Using PPL on LAMM, discoverd 2 bugs, and result is much worse than direct inference type
AlexWang1900 opened this issue · 2 comments
I set the scenario recipe like this:
`scenario_cfg:
dataset_name: STL10_LAMM
base_data_path: ./data/LAMM/2D_Benchmark
ppl: True
eval_cfg:
instruction_cfg:
query_type: standard_query
inferencer_cfg:
inferencer_type: PPL #Direct
batch_size: 1 #32
metric_cfg:
metric_type: LAMM`
with lamm186k_llama2chat7b_lora32 on STL10 dataset which I added and tested on Direct without ppl , accuracy was 0.56
but when I changed the recipe like above, there are two bugs:
1 in src/ChEF/instruction/init.py line 87
`for i in range(batch_size)
if isinstance(batch_options[0], list):
answers += [answer_template.format(option) for option in batch_options[i]]
new_len = len(batch_options[i])
questions += [prompts[i] for _ in range(new_len)]
options += batch_options[i]`
answer_template is None,and does not have format
it is because: src/ChEF/instruction/query.py line 261
`def build_template(**kwargs):
# LAMM-style inference does not require template
if kwargs['task_name'].endswith('lamm'):
#return None #fix by wang for testing
pass
return ppl_template(**kwargs)`
it was None, when lamm model is detected,I fixed it so it will return a ppl_template
2 src/ChEF/models/test_lamm.py line 203 ,logits is a scalar which has no index
`logits, target_ids = self.model(dict(
vision_type = 'image',
task_type = self.task_type,
vision_paths = images,# fix by wang for Image type image
output_texts = conversations,
icl_sysmsg = icl_sysmsg
))
logits = logits[:,:-1]`
and in src/model/LAMM/openlamm.py line 616-626
`loss = outputs.loss
# calculate the token accuarcy
return outputs.logits[:, 1:,:],targets[:, 1:]

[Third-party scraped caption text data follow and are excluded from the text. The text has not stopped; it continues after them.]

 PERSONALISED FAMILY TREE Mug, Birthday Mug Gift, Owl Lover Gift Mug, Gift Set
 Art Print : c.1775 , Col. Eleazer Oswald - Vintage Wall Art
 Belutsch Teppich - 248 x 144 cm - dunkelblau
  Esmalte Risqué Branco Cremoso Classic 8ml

# chosen_tokens = torch.max(outputs.logits, dim=-1)[1][:, 1:-1] # [B, S-1]
# labels = targets[:, 2:]
# gen_acc = (chosen_tokens.reshape(-1) == labels.reshape(-1)).to(
# torch.long
# ) # [B*S]
# valid_mask = (labels != -100).reshape(-1)

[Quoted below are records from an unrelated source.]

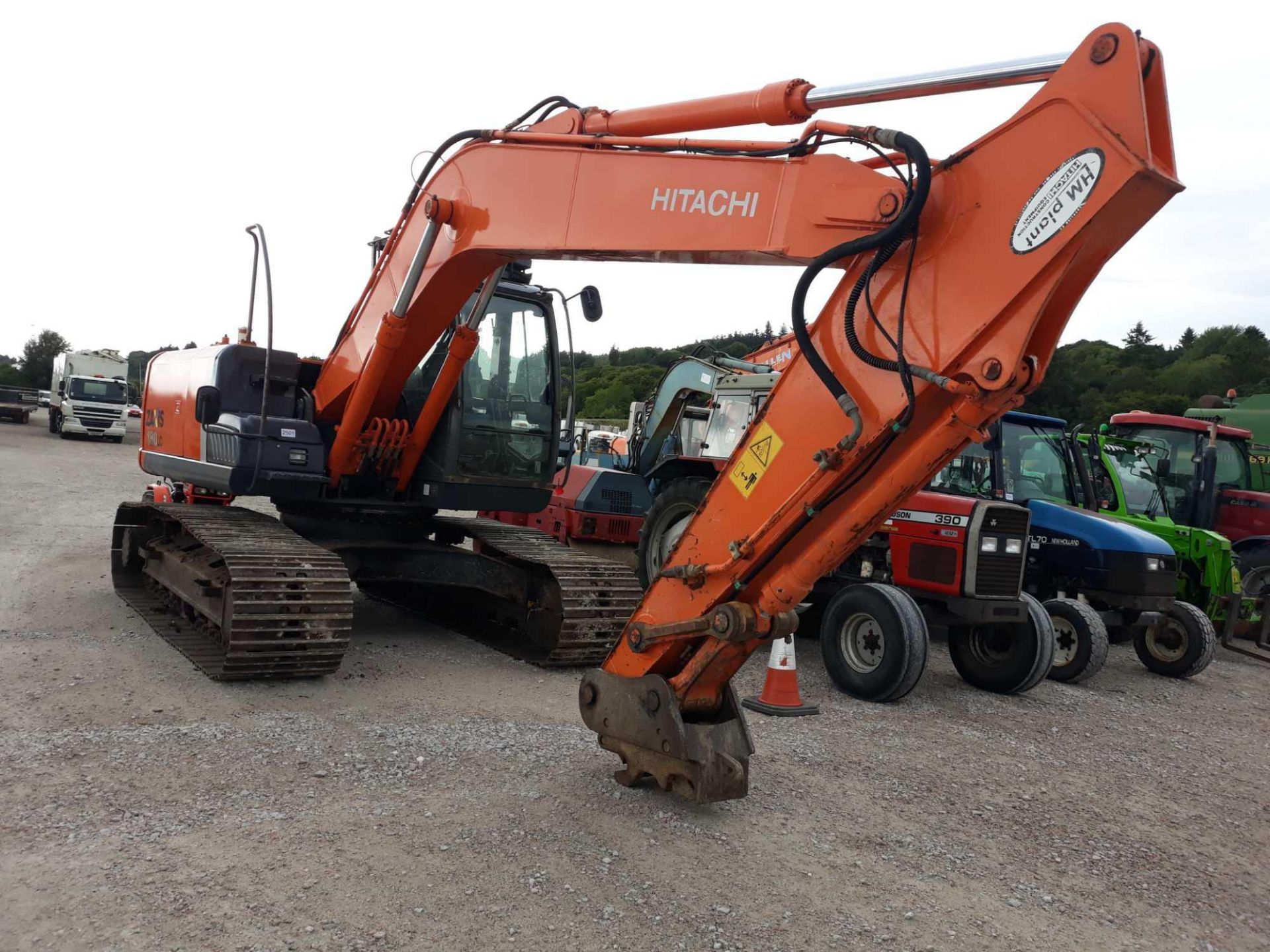Hitachi ZX180LC-3 Excavator, Year 2008, 8140 hours displayed - not warranted, Key in PC, + VAT
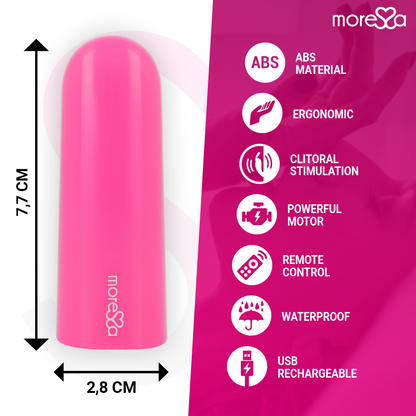 MORESSA - NIX VIBRATOR FJERNKONTROLL ROSA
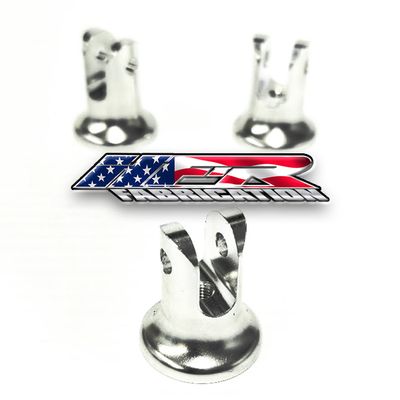 Billet Aluminum Bolt On Clevis (RAW)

# valid_tokens = gen_acc & valid_mask # [B*S]
# gen_acc = valid_tokens.sum().item() / valid_mask.sum().item()
# return loss, gen_acc`
it returned a loss and gen_acc, which is not logits and target_ids, so I fixed it that returning logits and targets now
but when I run the test, the result is only 0.19125, way below 0.56 with Direct inference type.

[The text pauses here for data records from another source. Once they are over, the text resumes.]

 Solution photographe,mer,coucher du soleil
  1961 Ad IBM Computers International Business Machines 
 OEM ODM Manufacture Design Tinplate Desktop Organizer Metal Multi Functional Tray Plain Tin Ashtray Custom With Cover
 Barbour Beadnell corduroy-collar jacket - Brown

In the Chef paper, it shows a 80.7% on table 1 and standard query type and PPL inference type from table 6.
In the LAMM paper, it shows 37,9% on table 1 and I guess standard query type and Direct inference type.
So there must be something wrong, either the numbers on papers or the code.
Thanks for your feedback. We found that there exists some conflicts between the code base of LAMM and ChEF. We will fix this. Sorry for the mistake.
We have fixed the bugs and checked the results. Thanks again for your feedback.